BEGIN SOURCE RECORDS

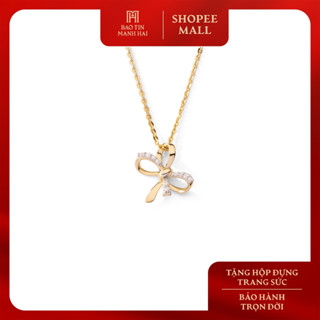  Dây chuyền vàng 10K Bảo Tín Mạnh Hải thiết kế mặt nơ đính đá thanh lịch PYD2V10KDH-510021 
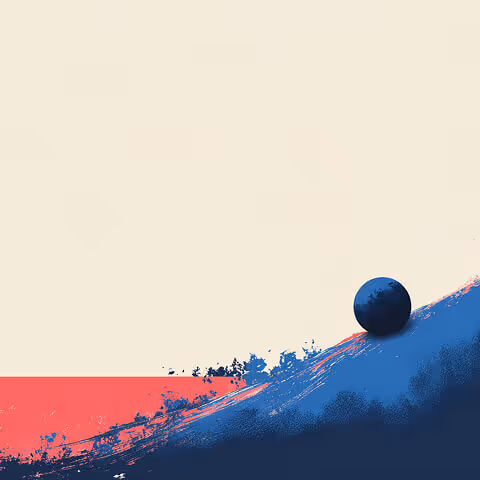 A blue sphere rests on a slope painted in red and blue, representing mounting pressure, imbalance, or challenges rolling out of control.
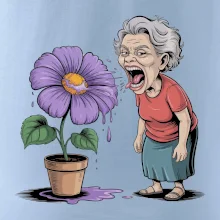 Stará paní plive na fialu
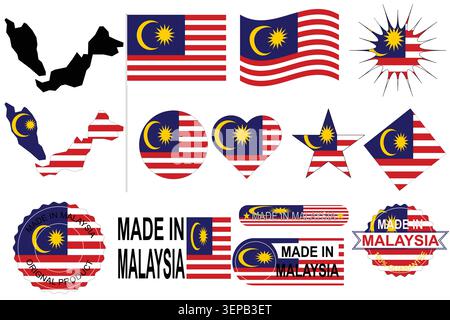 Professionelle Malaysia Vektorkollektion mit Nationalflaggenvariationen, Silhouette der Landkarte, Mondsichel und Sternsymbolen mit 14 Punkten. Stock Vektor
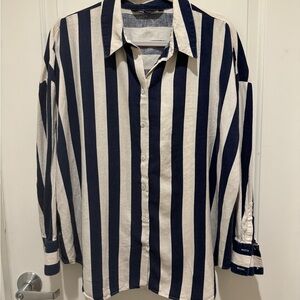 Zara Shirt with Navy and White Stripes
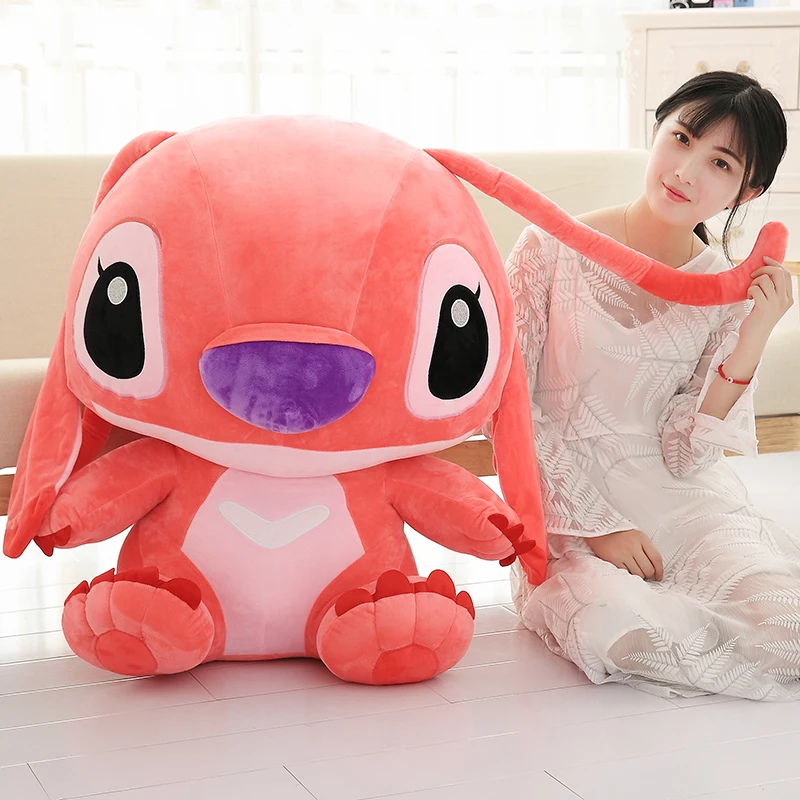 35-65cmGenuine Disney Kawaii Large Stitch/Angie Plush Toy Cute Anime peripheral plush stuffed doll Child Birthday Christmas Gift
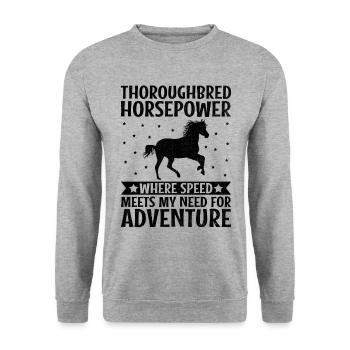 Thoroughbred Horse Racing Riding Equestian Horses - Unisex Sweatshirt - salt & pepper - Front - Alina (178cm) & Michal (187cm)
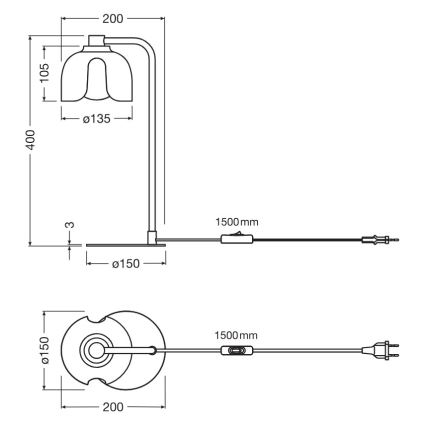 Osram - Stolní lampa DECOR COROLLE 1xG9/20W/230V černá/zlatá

END SOURCE RECORDS
BEGIN SOURCE RECORDS

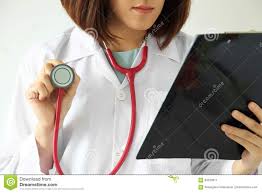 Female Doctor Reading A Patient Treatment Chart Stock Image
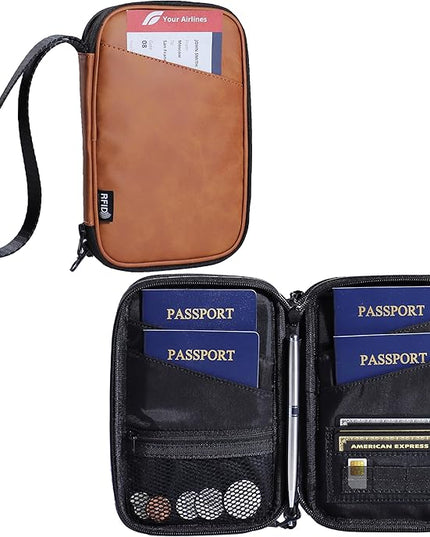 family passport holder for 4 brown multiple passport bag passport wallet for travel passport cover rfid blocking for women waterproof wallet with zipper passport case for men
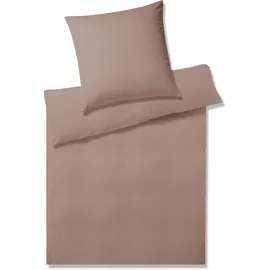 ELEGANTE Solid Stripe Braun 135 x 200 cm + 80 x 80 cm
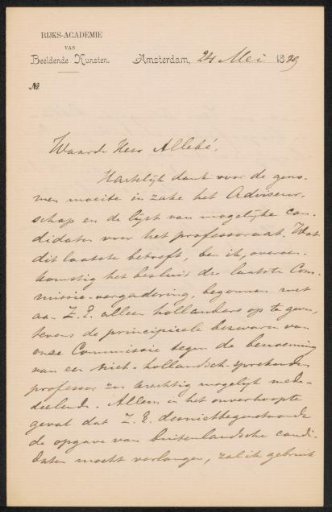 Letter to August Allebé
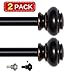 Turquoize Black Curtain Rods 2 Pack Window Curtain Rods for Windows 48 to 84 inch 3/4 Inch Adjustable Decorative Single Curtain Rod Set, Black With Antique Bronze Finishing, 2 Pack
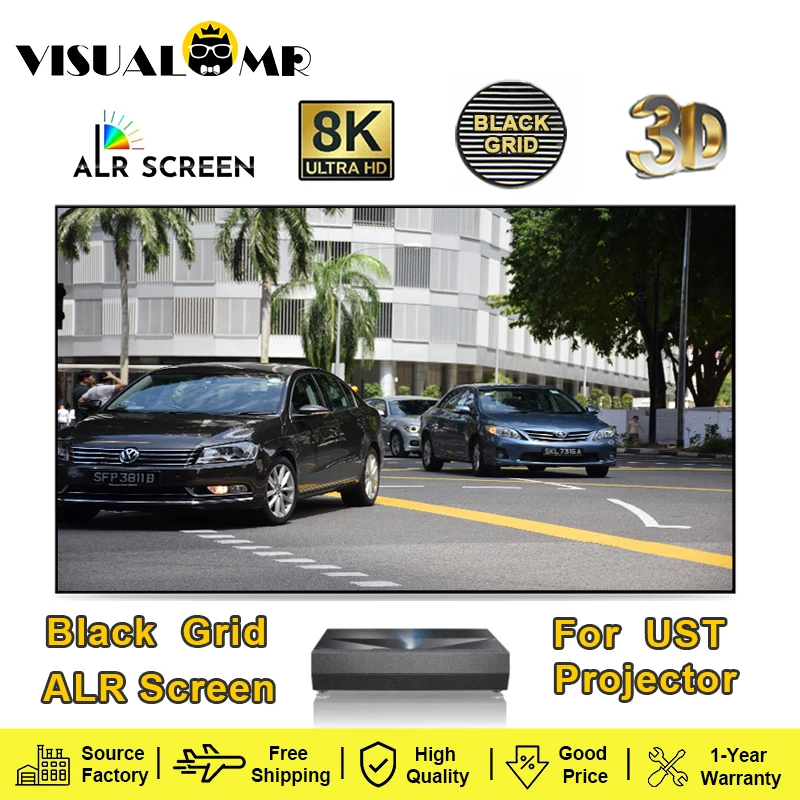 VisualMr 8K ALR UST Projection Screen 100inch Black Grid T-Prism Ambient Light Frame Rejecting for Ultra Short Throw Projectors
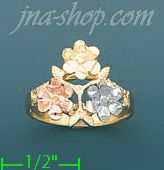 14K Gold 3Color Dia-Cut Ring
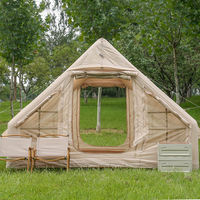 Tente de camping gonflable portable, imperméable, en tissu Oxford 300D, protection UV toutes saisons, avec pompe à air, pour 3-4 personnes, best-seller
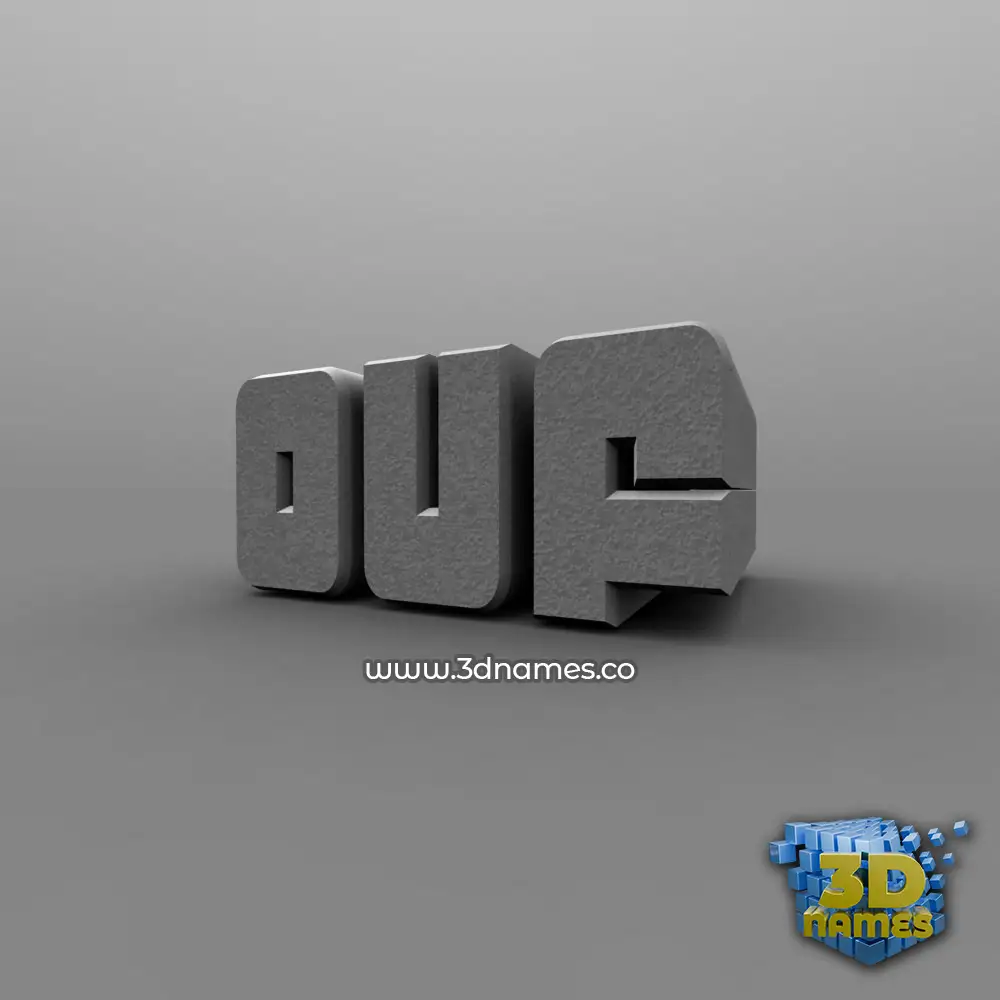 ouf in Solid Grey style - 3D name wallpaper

END SOURCE RECORDS

■ EXERCISE PROMPT: Write out word for word the lines above that run from the one with "Professionelle Malaysia Vektorkollektion" to the one with "Zara Shirt with Navy and White Stripes". Include both end lines; exclude the images.

■ RESPONSE BELOW:
 Professionelle Malaysia Vektorkollektion mit Nationalflaggenvariationen, Silhouette der Landkarte, Mondsichel und Sternsymbolen mit 14 Punkten. Stock Vektor
 Zara Shirt with Navy and White Stripes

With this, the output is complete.